Le decisioni prese a Casablanca furono prodromiche delle successive risoluzioni prese subito dopo a Washington e ad Algeri di continuare la guerra, dopo la conquista della Sicilia, nell’Italia continentale e furono determinanti ai fini del successivo andamento della stessa e lo furono di più per le sorti del nostro paese. L’Italia fu sostanzialmente penalizzata da queste decisioni dato che la guerra continuò nel suo territorio per tutti i due anni successivi con immani lutti e distruzioni provocati dalla caduta del Fascismo, dall’invasione tedesca e dalla conseguente guerra civile. Furono, invece, favorite la Sicilia e l’Italia Meridionale dato che per questi territori la guerra finì quasi subito con dei danni, tutto sommato, limitati.
Lunghe ed, ancora oggi, controverse sono state le diatribe in ordine a tali scelte.
Programmare, come fu fatto, un attacco all’Europa nazista partendo dalla Sicilia, è stato considerato un malcelato progetto strumentale più che un grave errore strategico.

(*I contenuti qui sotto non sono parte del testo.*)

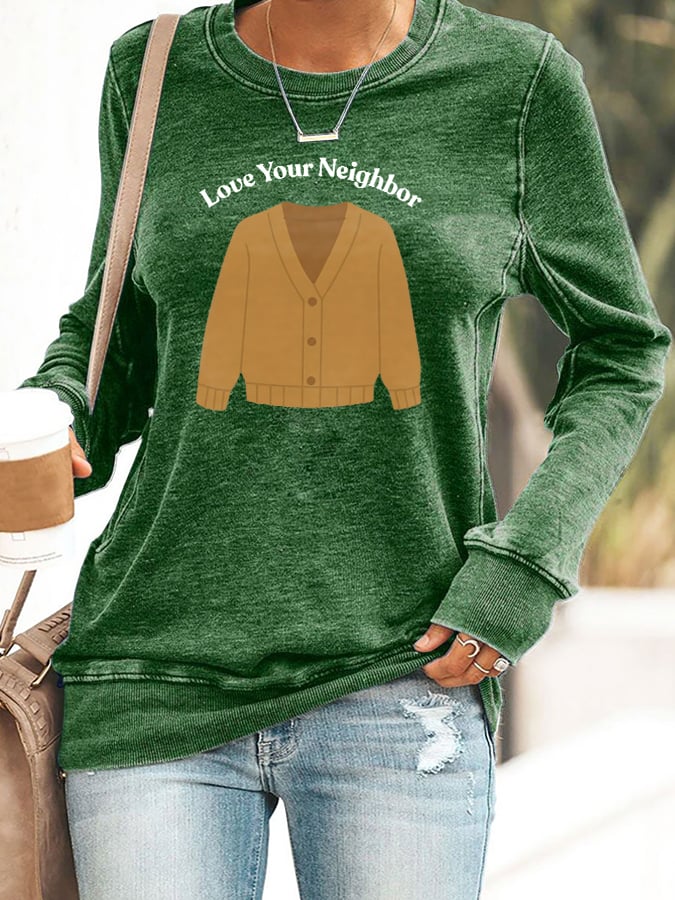 Retro Love Your Neighbor Print Sweatshirt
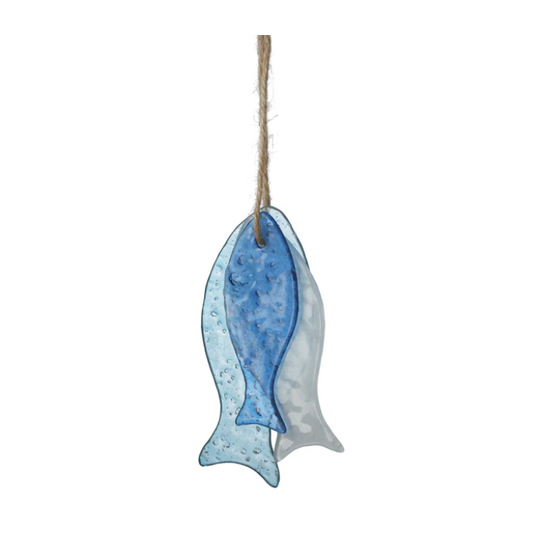 Three Glass Fish on Jute Hangar
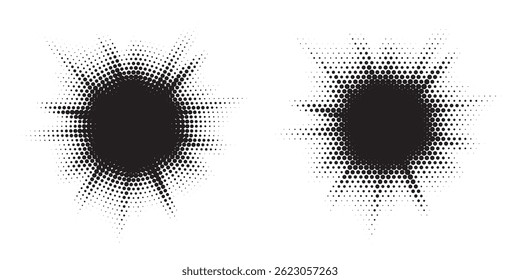 Halftone circle dotted frame circularly distributed set. Abstract dots logo emblem design element. Round border Icon using random halftone circle dot texture. Half tone circular background pattern.
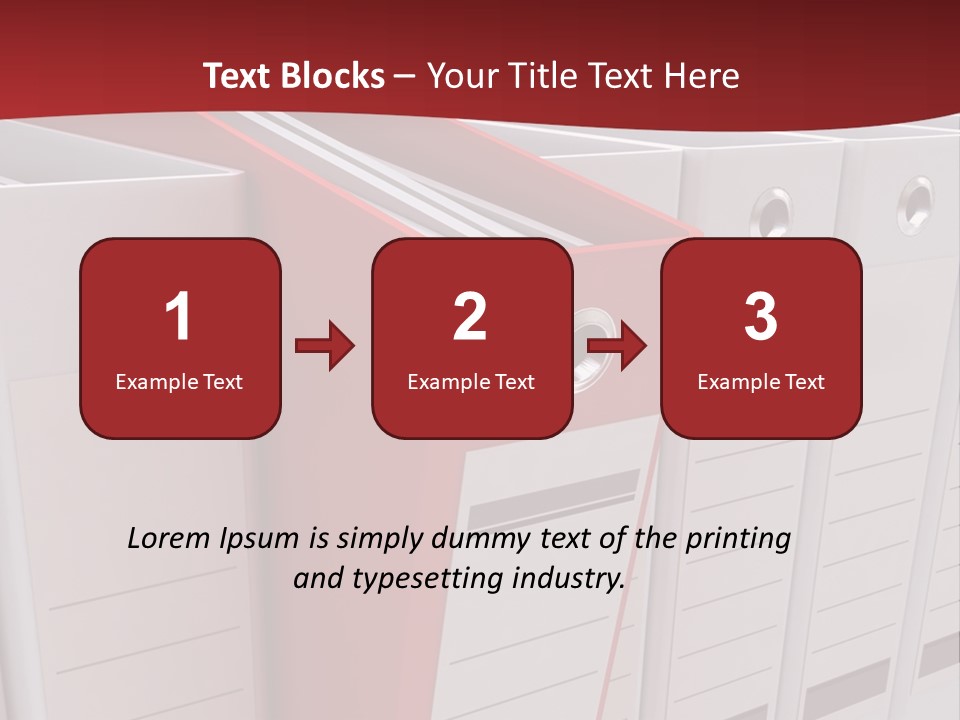 A Red Binder Is Next To A Row Of White Binders PowerPoint Template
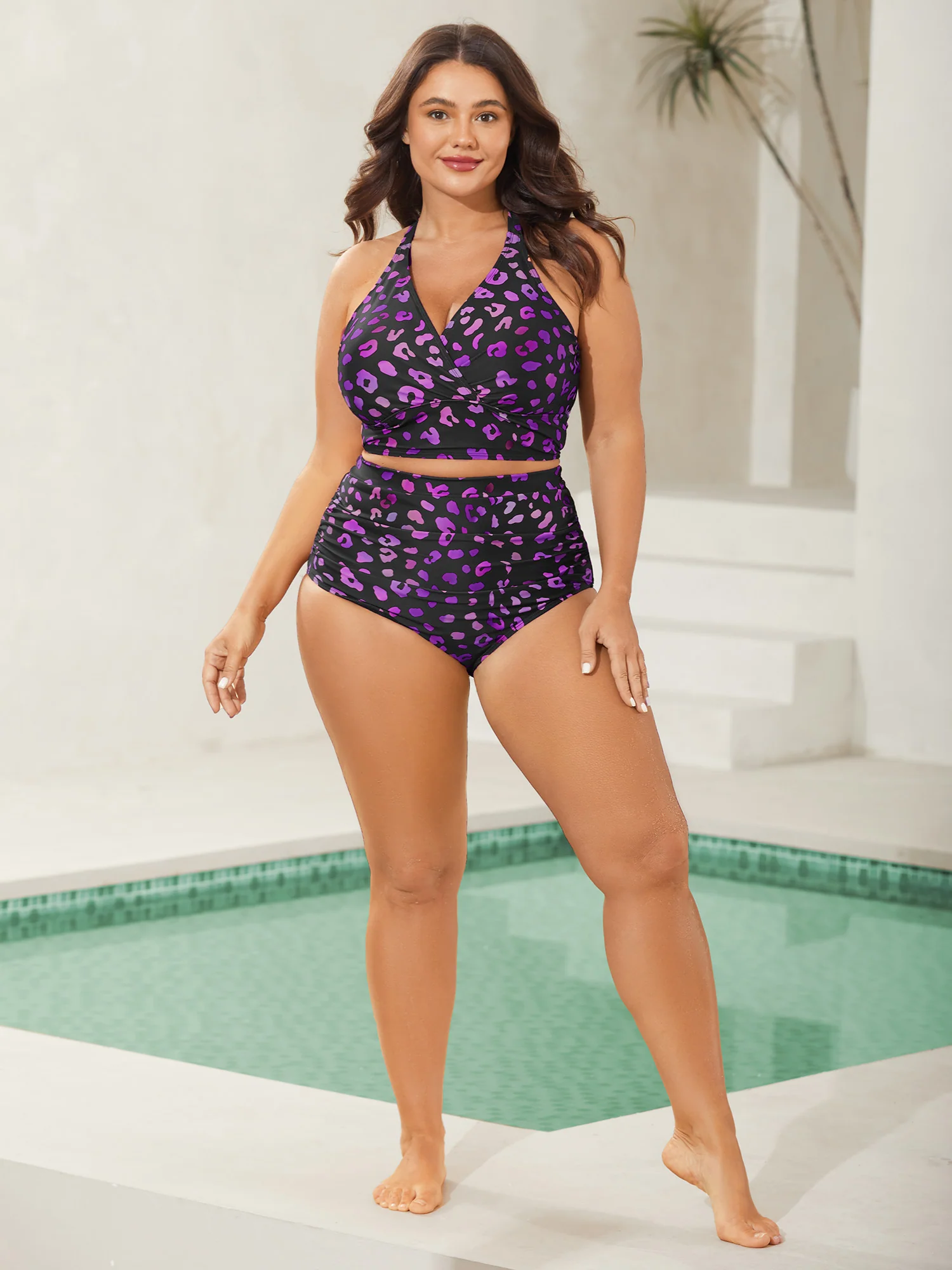 Pattern Print Cross-Straps Swim Top - Image 3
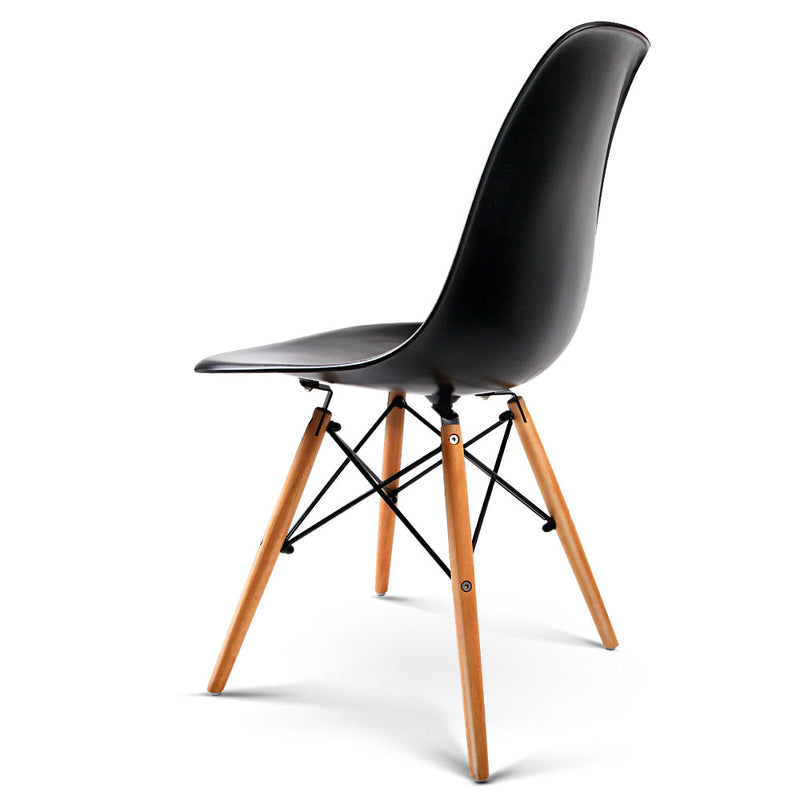 Set of 4 Retro Beech Wood Dining Chair - Black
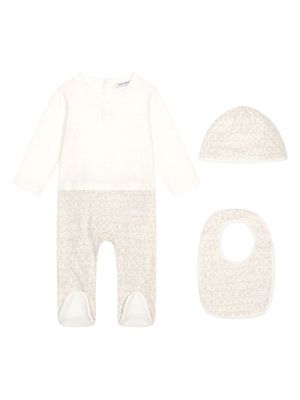 Dolce & Gabbana Kids ensemble à logo jacquard - Tons neutres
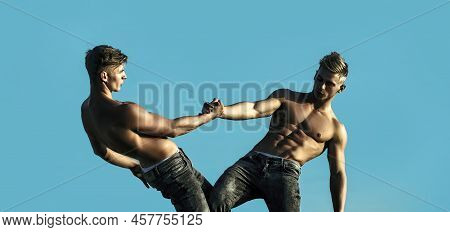 Men Arm, Helping Hand, Support. Teamwork. Rescue, Helping Gesture Or Hands. Strong Hold. Handshake, 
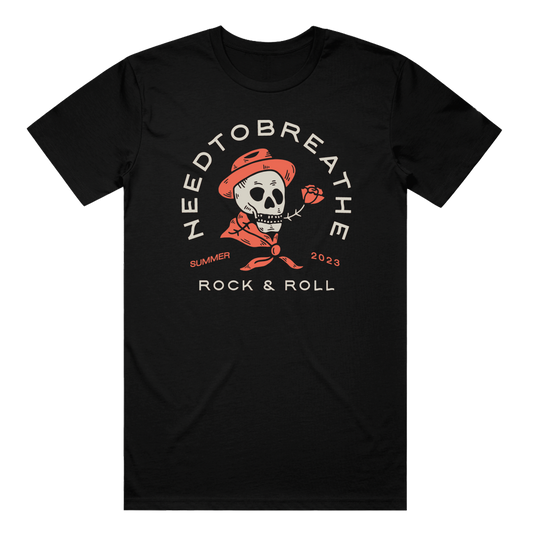 Black t-shirt with a graphic design featuring a skull, text 'NEEDTOBREATHE', and the words 'ROCK & ROLL' and '2023'.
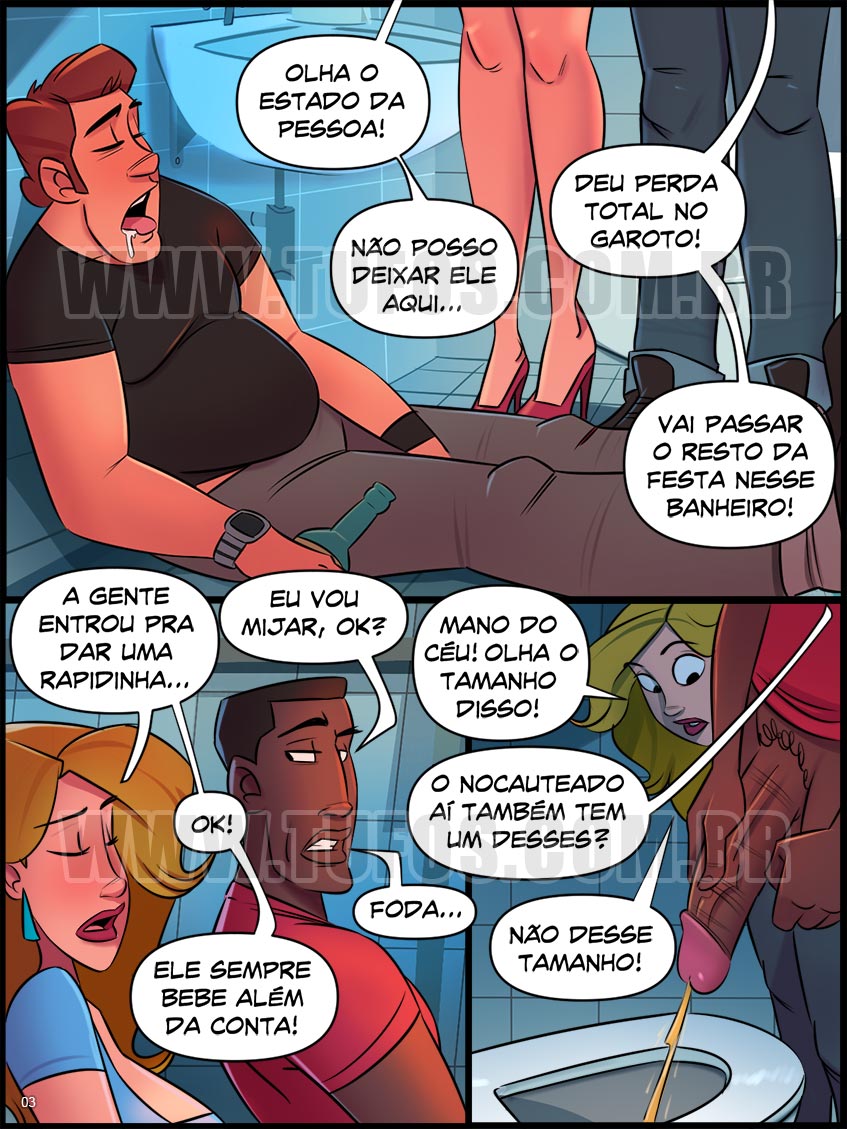 Página 3 do quadrinho adulto: FESTA NO BANHEIRO – Leia completo em XCOMICS
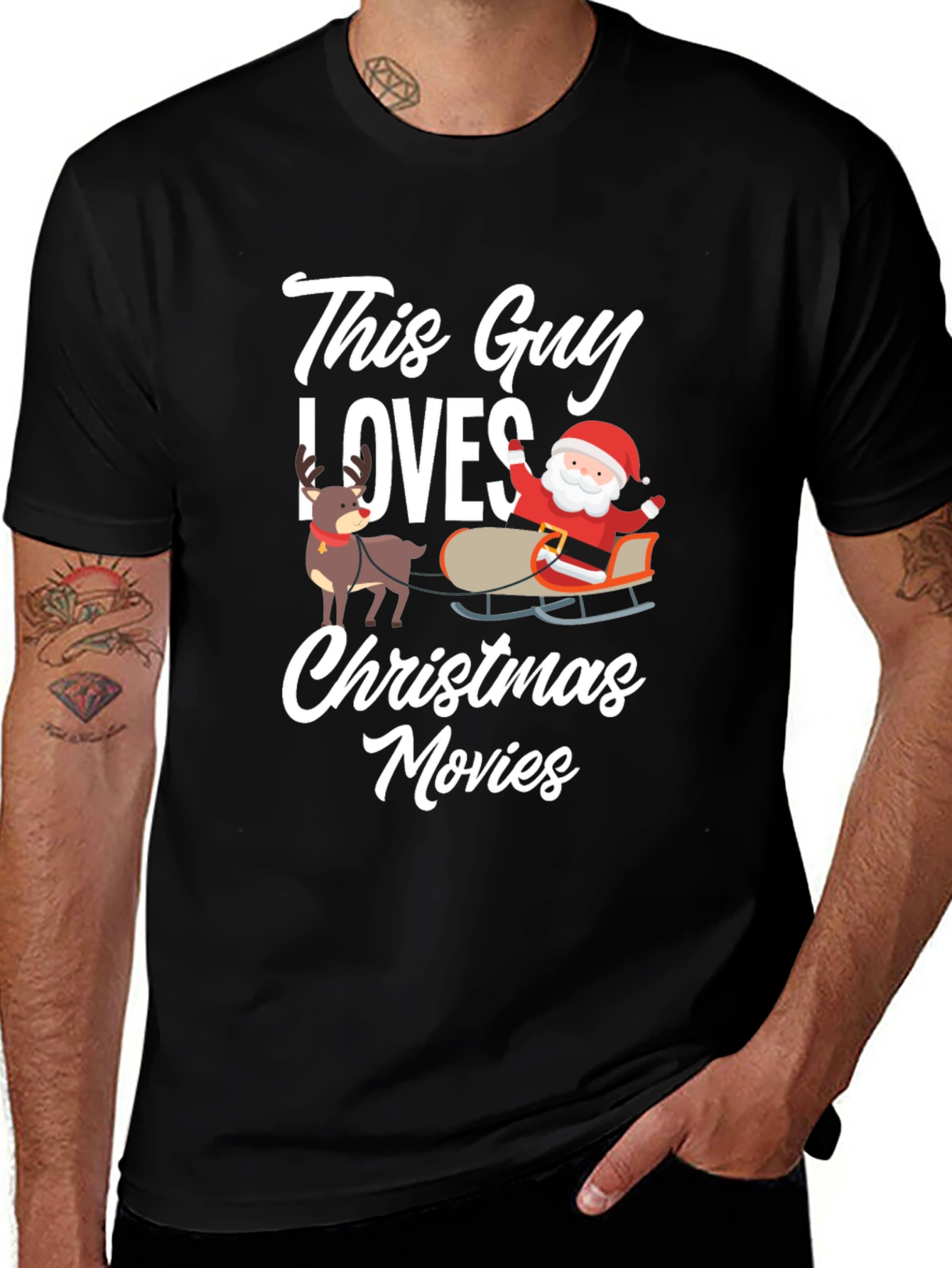 Christmas Movies Graphic Tee - This Guy Loves Santa!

Venne previsto un attacco alla cosiddetta “fortezza Europa” affrontando il nemico in uno dei punti più periferici e, come è stato detto, “anziché mirare al cuore o alla testa preferirono colpirlo all’alluce”[7]. E, vedi caso, l’alluce risultò essere peraltro uno dei baluardi geograficamente più fortificati dello schieramento.
E’ probabile, infatti, che siano state tenute in maggior considerazione le valutazioni politiche opportunistiche più che le condizioni oroidrografiche della penisola italiana, interamente percorsa dalla catena montuosa degli Appennini e delle sue propaggini che la traversano in tutti i sensi. Queste rendevano difficilissima la conduzione di una guerra di movimento quale fu quella attuata in tutto il conflitto, prima dai Tedeschi e poi dagli stessi Alleati.
Tuttavia forse non venne considerato adeguatamente il potenziale difensivo delle truppe tedesche che, in un tale territorio, riuscirono a bloccare e, comunque, a rallentare per mesi e mesi l’avanzata degli Alleati.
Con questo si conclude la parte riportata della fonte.